Astonishing X-Men: 6 by Joss Whedon

I was running errands while listening to NPR in my car yesterday and there was this guy being interviewed, what he was saying was that deaths in movies where having less effect on people than back in the old days. He added this was a general trend but it was especially true in comic book/super hero movies. He said the reason was that it was less emotional was there’s now so many ‘fake out deaths’ where the audience is led to believe someone died and they are back in action a few scenes later. That got me thinking.

Now anytime you discuss death scenes in movies you are going to be discussing spoilers. So just be forewarned. He gave an example of Tom Hiddleston’s Loki in Thor: Dark World, who goes down in battle, scored by hyper dramatic music only to return in the last reel disguised as his adopted father Odin. Or Agent Phil Culson whose death brings the Avengers together, but he gets to be resurrected in his own TV show. And just how many times did Nick Fury fake his death in Winter Solider? Another good example is in the new Trek movie where Kirk stays dead for like five minutes.

And to a degree he’s got a point. When a main charterer gets shot halfway through a movie and I still think he or she has some screen time left, I begin going…Wait for it…wait for it…Wait for it.Then finally the character gasps, shoots up and reveals they were wearing a bullet proof vest the whole time. Compare this with death scenes like Sargent Elias’ in Platoon, after he is left by his men to be killed by the Vietcong, or when Roy Batty ran out of time in Blade Runner, or even the scene that caused thousands of childhood nightmares, the death of Bambi’s mother. It’s easy to see the guys point, these death is temporary scenes defiantly don’t have the emotional impact of those classic scenes.

srg elais

OK, maybe this was a bit overwrought, but it was emotional.

There may be a valid point in the fact this is more prevalent in comic book movies. “Comic book death’ is the trope name for a story where someone dies and then eventually comes back.
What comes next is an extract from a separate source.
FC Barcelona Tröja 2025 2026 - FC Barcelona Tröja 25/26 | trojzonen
Twenty years ago it was not uncommon to hear in a comic book store the following conventional wisdom. “The only people who stay dead in comics, are  Bucky, Jason Todd, and Uncle Ben,” now however out of these three iconic characters only Peter Parker’s uncle stayed dead. There have been a few ‘real’ deaths in the four color universe, and these have more impact because the characters stayed dead. Bruce Wayne’s parents, set the whole Bat Man story in motion. Spider Man accidentally killed his girlfriend Gwen Stacy when he tried to save her is part of Peter Parker’s psyche. And the scene where Rorschach yells at Doctor Manhattan “Do it!” Before the near godly super makes him explode still gives me shivers.
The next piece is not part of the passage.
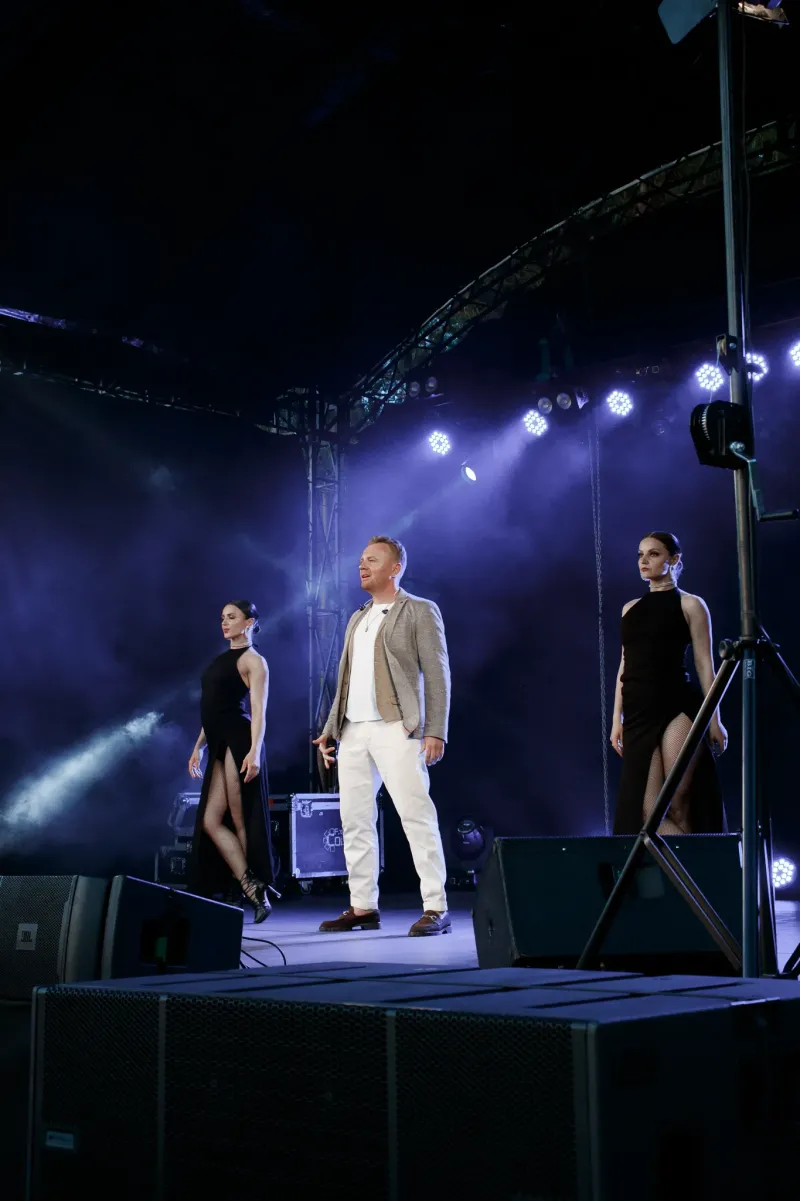 STREET FEST UA - РОМАН СКОРПІОН #14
The epitome of comic book deaths took place in 1992, with the death of Superman. Killed by Doomsday Superman was able to stop the behemoth, but he was fatally wounded and died in the arms of his long time love Louis Lane. Even mainstream news agencies ran the news of Clark Kent’s death at the hands of the alien Juggernaut. In my local comic book store they had to limit the sale of that issue, in black Mylar bags, to ten per person. I don’t think anyone believed that a cash cow like supes would stay dead. This would open the door for even more diseased DC characters to return to earth.

death of superman

RIP Superman

This trope is occasionally played with, like Nick Spencer gleefully does this in his Morning Glories. It has characters reappearing after their death. (Your guess is as good as mine as to how this happens but I think it has to do with pull characters form other dimensional timelines) In one story arch a character gets so mad upon hearing that his father wrote him out of his will, he stabs his old man to death. Only to have the door open and another version of his father walks in and helps him dispose of his own body. As far as I am concerned that is how you keep a trope fresh and new.

abe and ike

You call this covering up my death, i will show you how to over my death up!

A cool twist was also done in Greg Rucka’s Queen and Country. Though a comic book this one is grounded in the real world of espionage and not superheroes so when a character dies they die. The last few story arcs deal with a major character being killed off in a raid against a terrorist base. Also in the middle of the series a major character suddenly dies in his sleep. He was a healthy ex-solider, so the team suspects fowl play bust there is no evidence and he was on a routine surveillance mission. The reader’ never finds out how he died because the characters never do. Both his team and the readers are left with the devastating knowledge an otherwise healthy man, who had survived many combat missions just stopped living for no apparent reason.


It’s dangerous being a spy.

Death is often used in many origin stories. Thomas and Martha Wayne, Drax the Destroyer’s family, Uncle Ben, and even Bambi’s mom, stir the protagonist to a quest for super fueled justice. What Bambi, with his super jumps and oversized antlers, isn’t a superhero? This is even mocked in Mike Millar’s Kick Ass, when Dave’s mother dies because of a cerebral hemorrhage rather than an act of violence. Characters who are only used in origin stories almost never come back other than in flash backs and occasional alternative dimensional romps.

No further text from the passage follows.